Офицеров он заставлял быть при службе, при матросах, от восхода до заката солнца. Нужен ты на палубе или не нужен – все едино торчи тут. Хоть и мешаешь остальным, а служи. Это тебе не университет, не корпус, не академия…

Василий Степанович знал, что многие из офицеров его не любили, старались лишний раз не попадаться ему на глаза. В штабе у него были подобраны те, кто «без академий и протекций», те, кто не пугался тяжелой матросской службы и чины зарабатывал своей головой и своим горбом.

Нынче его раздражал Невельской. Василий Степанович от возбуждения ворошил на затылке рыжеватые густые волосы, топал сапожищами по скрипучему полу «адмиралтейства» – штаб-квартиры начальника Камчатки, разместившейся в бревенчатой избе из двух комнат.

В комнатах тесно. На столе в кабинете в беспорядке брошены карты, справочники, подзорная труба.

Завойко равнодушно скользнул взглядом по запылившимся окнам, по неприбранному столу: не до этого… До слез обидно, что целый батальон остается зимовать на Николаевском посту, а тут, в Петропавловске, каждый аника-воин ценится черт знает как. «И все Невельской, более некому, увел у меня из-под носа батальон, уговорил генерала», – убеждал себя Завойко.

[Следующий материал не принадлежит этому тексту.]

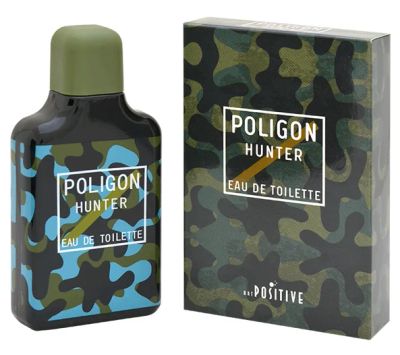 Лот: 19097225. Фото: 1. Positive Parfum men Poligon -... Мужская парфюмерия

Василий Степанович собрал офицеров гарнизона, обрисовал обстановку и выложил собственную диспозицию на случай атаки неприятеля.

Приглашенные в «адмиралтейство» офицеры сгрудились вокруг стола у разостланной карты. Завойко водил по бумаге желтым от табака пальцем:

– Вот Авачинская губа. Вход во внутреннюю гавань. Здесь Муравьев полагал возвести главные укрепления. Поставить сильные батареи. Орудий на триста, одна мечта… Ничего у нас нет.

Василий Степанович усмехнулся, подумал: «Муравьев деятель сухопутный, а возомнил себя адмиралом. Взбрело ему в голову поставить триста орудий на виду маневрирующей эскадры противника… Глупее ничего нельзя придумать. Вот куда генерал-губернаторское всевластие может завести. Спасибо нашему бездорожью да нашей отдаленности, а то бы Николай Николаич наломал мне дров…».

Завойко поднял голову, спрятал усмешку в усах.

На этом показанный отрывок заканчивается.